Technical Specifications
| Brand | Ampere Time |
| Model | 200Ah 12V LiFePO4 |
| Price | $399 |
| Power | 2560 W |
| Efficiency | 95% |
| Voltage | 12V |
| Chemistry | LFP |
| Cycle Life | 4000 cycles |
| Weight | 24.0 kg |
Technical Performance Analysis
Core Electrical Specifications
The Ampere Time 200Ah 12V LiFePO4 delivers a nominal capacity of 2560Wh at a 12V nominal voltage, with a usable depth of discharge (DoD) reaching 100% under manufacturer specifications — a figure that holds up under third-party validation for lithium iron phosphate chemistry. The battery operates within a charge voltage range of 14.2–14.6V and a discharge cutoff of 10V, parameters consistent with standard LiFePO4 electrochemical behavior.

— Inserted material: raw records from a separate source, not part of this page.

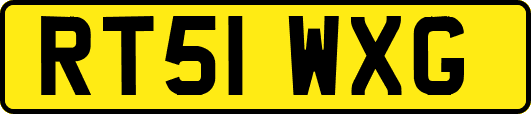RT51WXG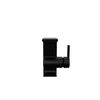 Single-Hole Bathroom Faucet (Recertified)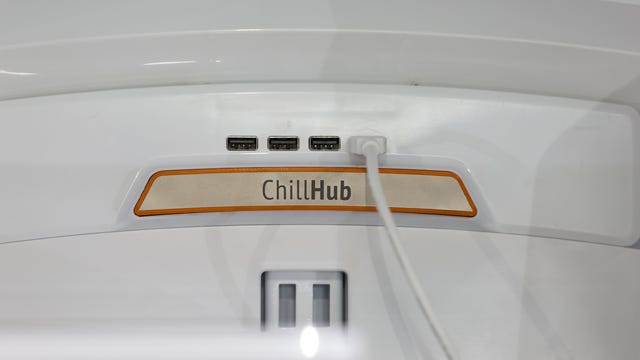 ge-chill-hub-product-photos-1.jpg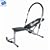 Confidence Ab Master Pro Training Machine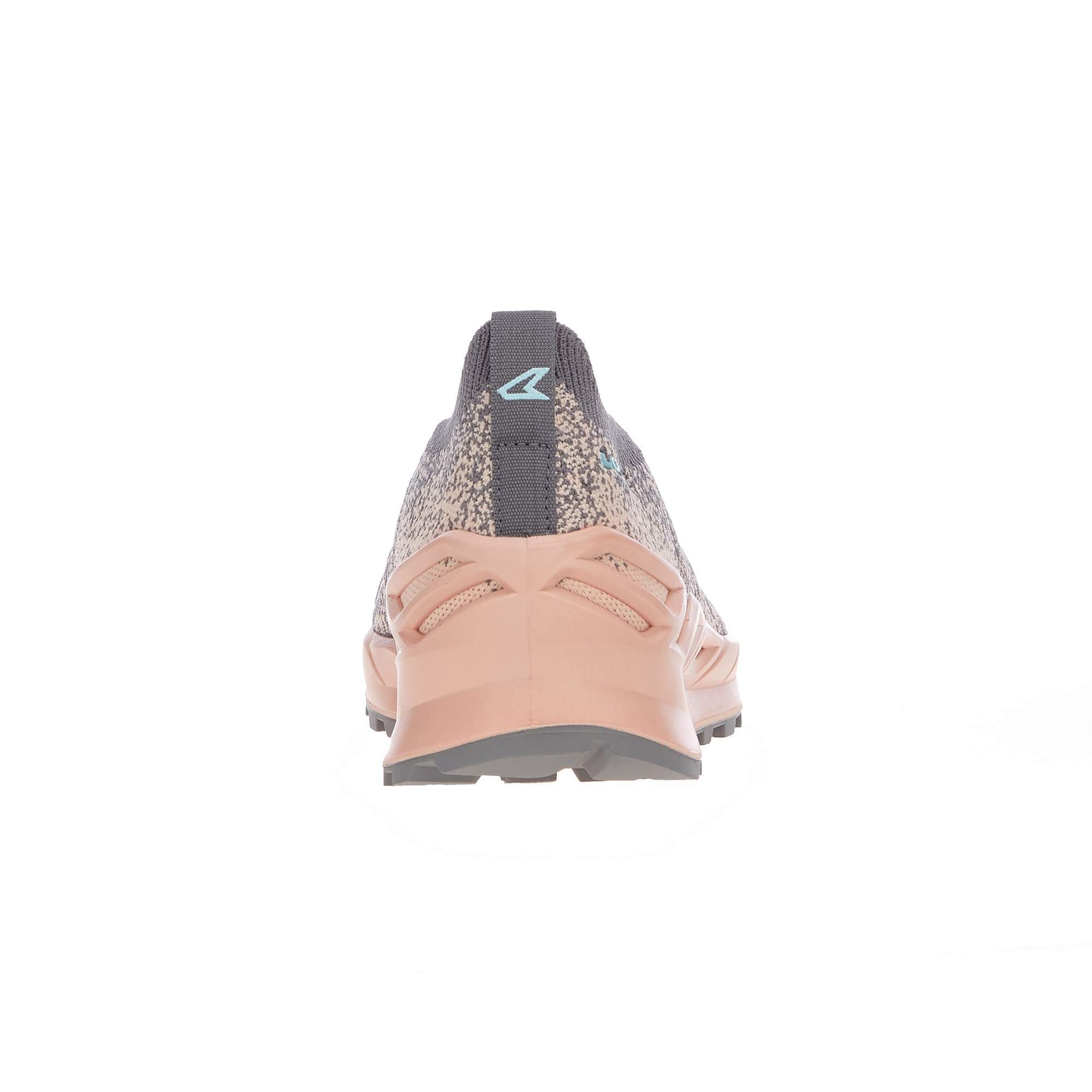 Lowa FUSION LO WS Damen - Freizeitschuhe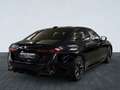 BMW 520 d XdRIVE Sportpaket Bluetooth HUD Navi LED PDC Black - thumbnail 2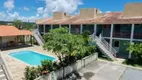 Foto 2 de Apartamento com 3 Quartos à venda, 90m² em Barra Nova, Marechal Deodoro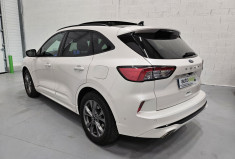 Ford Kuga 2.5  225 cv PHEV ST-Line X / toit pano / carplay / sono B&O / 360° 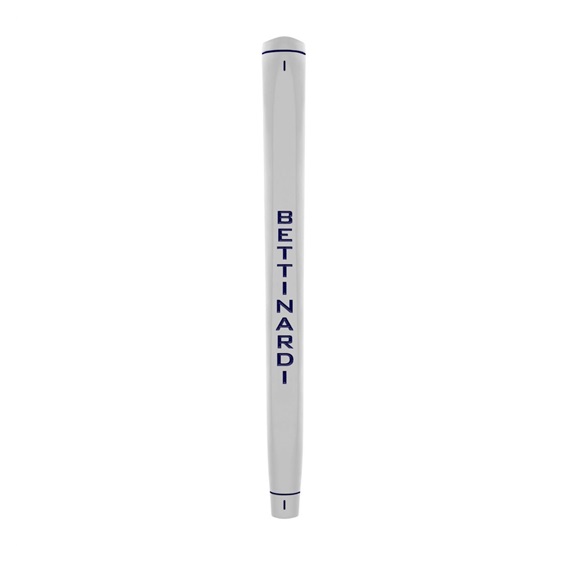 Bettinardi BB Series BB-49 Slant Putter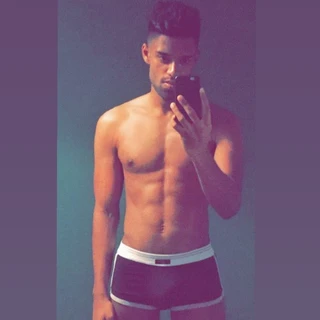 creator profile picture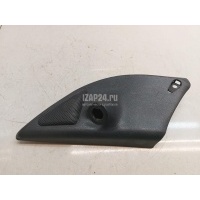 Крышка зеркала внутренняя левая Fiat Punto II (188) (1999 - 2010) 735359437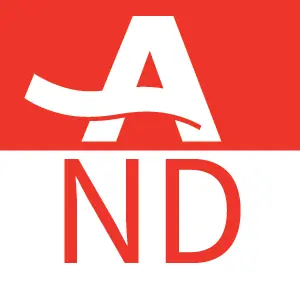 aarp-north-dakota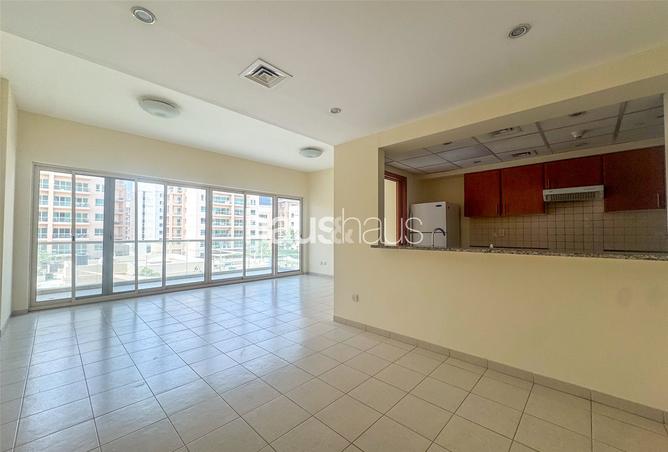 15992562 - Property Image 2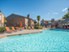 Warwick at Westchase - Pool - Photo 7 of 30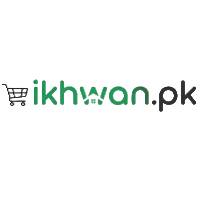 Ikhwan.pk
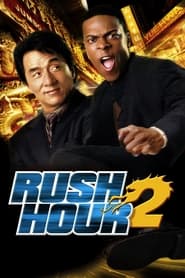 Watch Rush Hour 2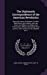 The Diplomatic Correspondence of the American Revolution: Being the Letters of Benjamin Franklin, Silas Deane, John Adams, John Jay, Arthur Lee, . Laurens, John Laurens, M. de Lafayette, M. D [Hardcover ] - Sparks, Jared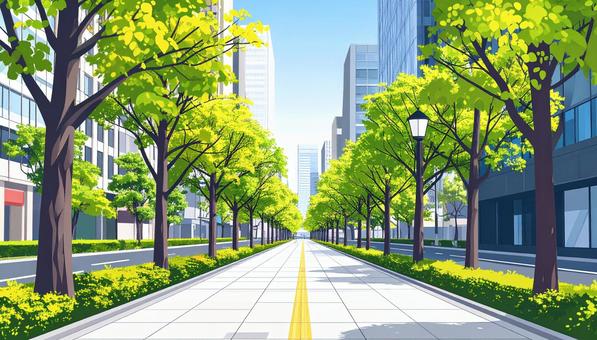 Sidewalk, JPG Sidewalk, sidewalk, background, street, JPG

The continuous discharge rate is rated at 100A, with peak discharge capability reaching 200A for short bursts. This translates to a 0.5C continuous discharge rate, which is conservative enough to preserve cycle life well beyond the rated 4000+ cycles at 80% DoD. Internal resistance is specified at approximately 30mΩ, a reasonable figure for this form factor, though individual cells vary between production batches.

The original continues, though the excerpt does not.